• [Material shown]
------------------------------------------------------------
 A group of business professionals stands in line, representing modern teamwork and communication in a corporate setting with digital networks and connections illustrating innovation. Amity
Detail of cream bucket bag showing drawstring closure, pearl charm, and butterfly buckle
------------------------------------------------------------
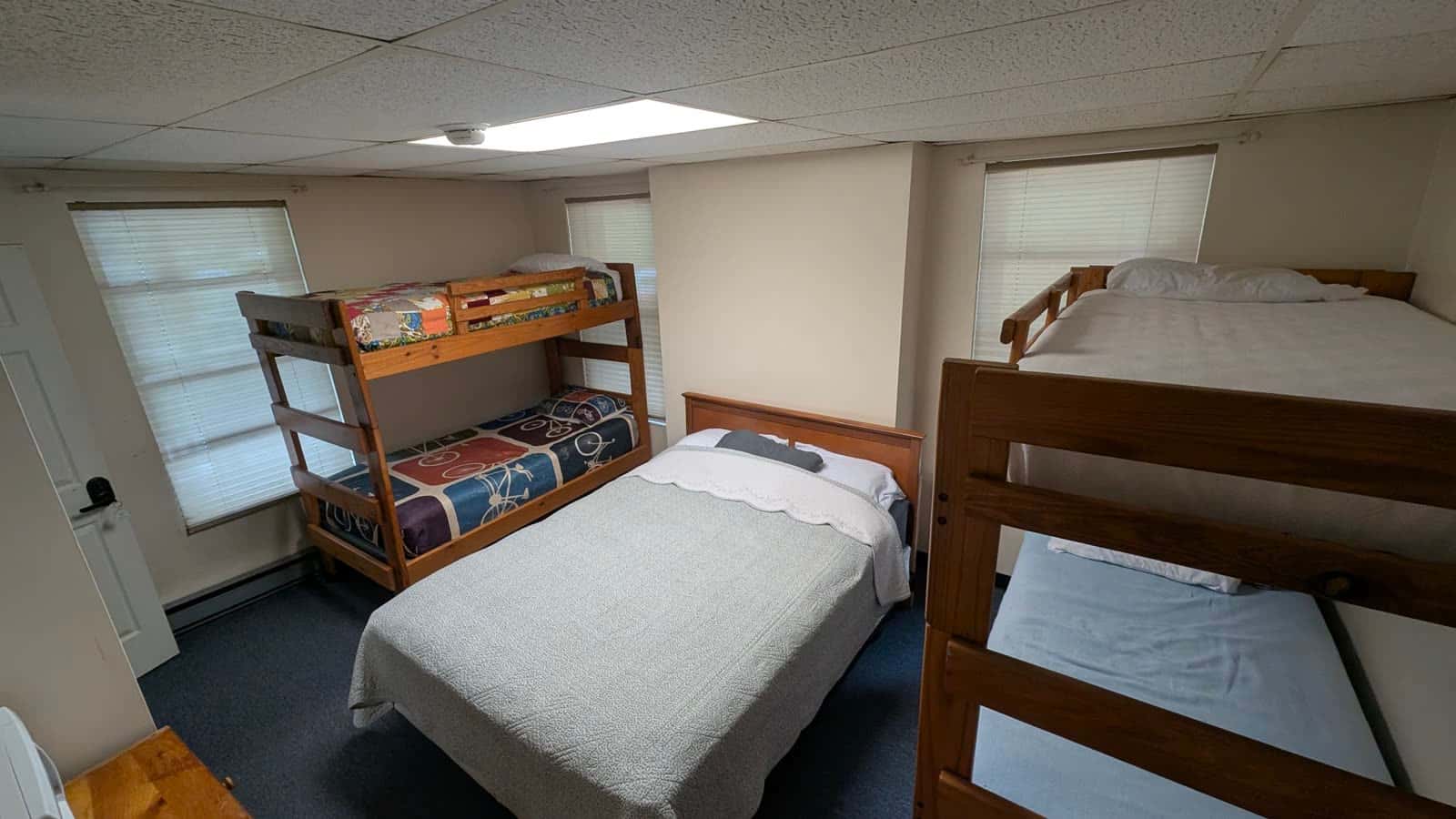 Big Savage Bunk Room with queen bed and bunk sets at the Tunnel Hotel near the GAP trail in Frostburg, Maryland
------------------------------------------------------------
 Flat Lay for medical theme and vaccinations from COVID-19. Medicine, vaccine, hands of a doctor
------------------------------------------------------------
Please make an exact copy of the lines above from the line with "A group of business" through the line with "Detail of cream", both ends included.

• [Written solution]
 A group of business professionals stands in line, representing modern teamwork and communication in a corporate setting with digital networks and connections illustrating innovation. Amity
Detail of cream bucket bag showing drawstring closure, pearl charm, and butterfly buckle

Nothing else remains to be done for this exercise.